Integrated metabolomics and transcriptomics reveal glyphosate based-herbicide induced reproductive toxicity through disturbing energy and nucleotide metabolism in mice testes

Glyphosate is a widely used herbicide that has deleterious effects on animal reproduction. However, details regarding the systematic mechanisms of glyphosate-induced reproductive toxicity are limited. This study aimed to investigate the toxic effects of glyphosate-based herbicide (GBH) on reproduction in mice exposed to 0 (control group), 50 (low-dose group), 250 (middle-dose group), and 500 (high-dose group) mg/kg/day GBH for 30 days. Toxicological parameters, metabolomics, and transcriptomics were performed to reveal GBH-induced reproductive toxicity. Our findings demonstrated that GBH exposure damaged mitochondrial pyknosis and the nuclear membrane of spermatogonia. GBH triggered a significant increase in sperm malformations in the high-dose group.
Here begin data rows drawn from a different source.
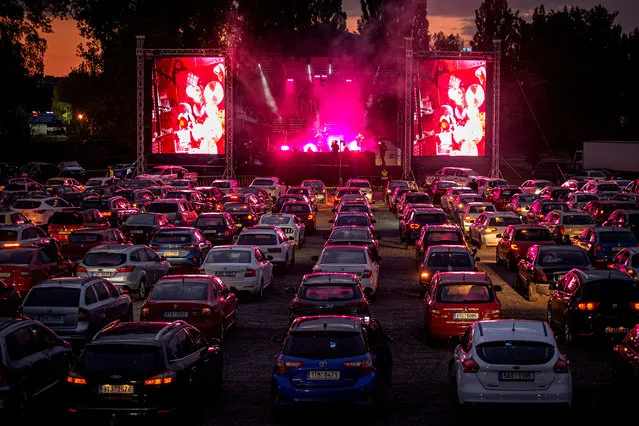 People enjoy the first largest live car concert featuring the band Mirai in Ostrava, Czech Republic on May 15, 2020. The band played their car concert in an industrial environment in the Lower Vitkovice area. The organizers stated that the total capacity of 500 cars was sold out. Viewers were not allowed to leave their vehicles due to government measures to prevent the spread of coronavirus (COVID-19). Only horns, turn signals and lights were allowed to support the band. (Photo by Lukas Kabon/Anadolu Agency via Getty Images)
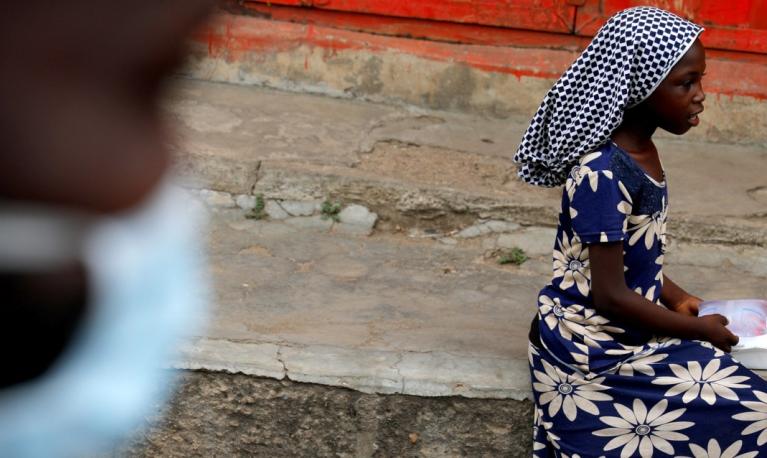 A girl sits after receiving goods from volunteers during food and water distribution to the underprivileged and homeless, as Ghana enforces a partial lockdown in Accra and Kumasi in efforts to slow the spread of the coronavirus disease (COVID-19), in Accra, Ghana. April 4, 2020. REUTERS/Francis Kokoroko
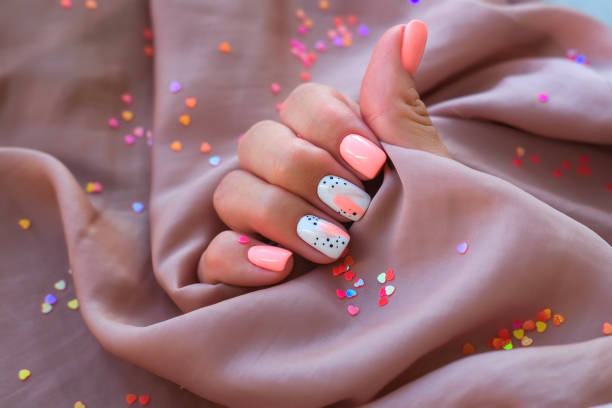 mujeres: una mano con una hermosa manicura sostiene una tela de seda sobre un fondo de destellos. tendencia rosa, puliendo el patrón en las uñas con esmalte de gel, goma laca. día festivo - fingernail manicure beauty decoration fotografías e imágenes de stock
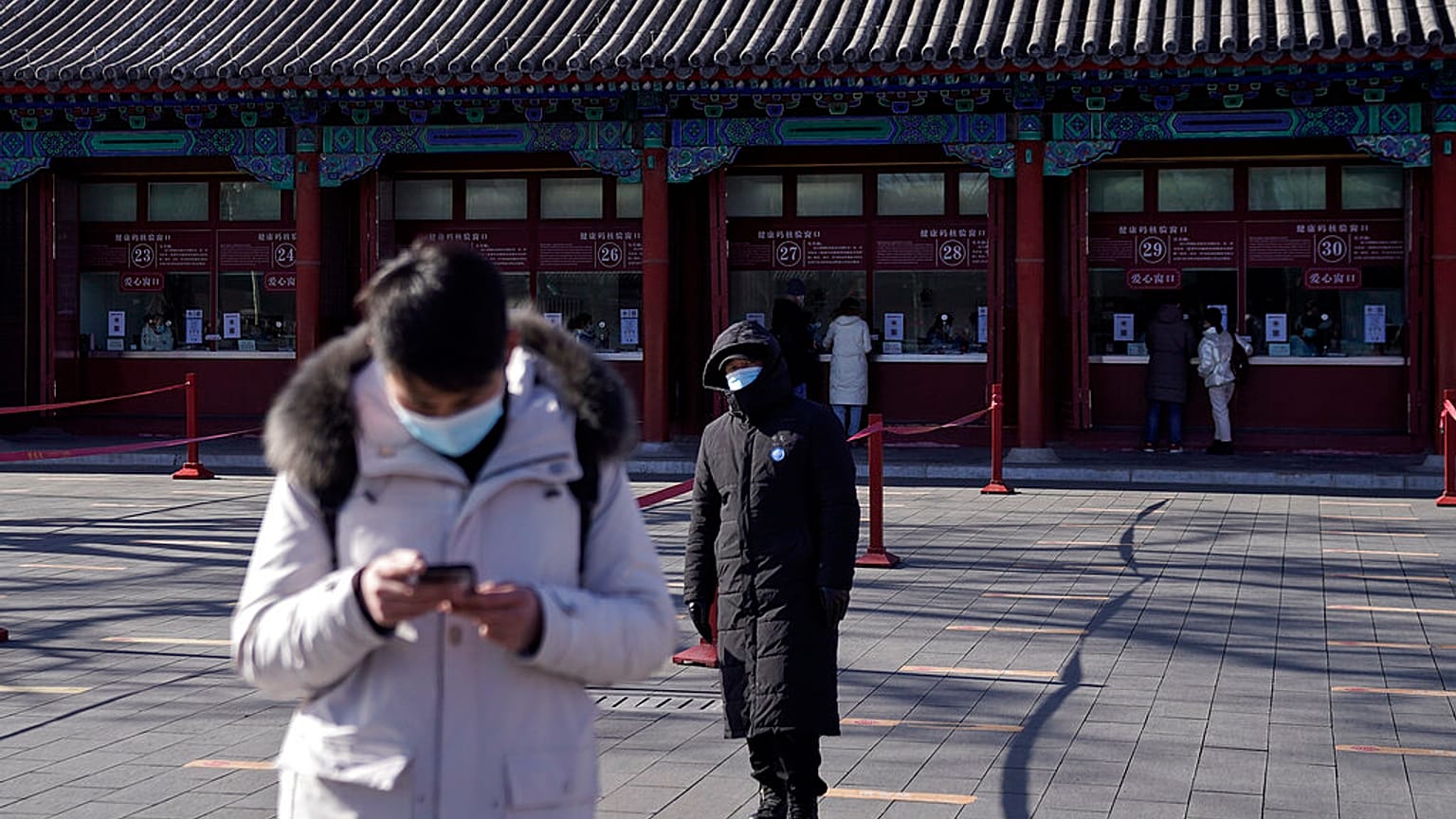 A man wearing a face mask to help curb the spread of the coronavirus browses his smartphone as a masked security guard stands near the quiet ticket counters in Beijing.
Omics data showed that GBH impaired the Krebs cycle and respiratory chain, blocked pyruvate metabolism and glycolysis/gluconeogenesis, and influenced the pentose phosphate pathway and nucleotide synthesis and metabolism. Overall, the multi-omics results revealed systematic and comprehensive evidence of the adverse effects of GBH exposure, providing new insights into the reproductive toxicity of organophosphorus pesticides.

Automated summary

This study investigated the reproductive toxicity of glyphosate-based herbicide (GBH) on mice. The results showed that GBH exposure damaged the mitochondrial pyknosis and nuclear membrane of spermatogonia, and caused significant increase in sperm malformations in the high-dose group. Omics analysis revealed that GBH disrupted various metabolic pathways. These findings provide comprehensive evidence of the adverse effects of GBH exposure and contribute to understanding the reproductive toxicity of organophosphorus pesticides.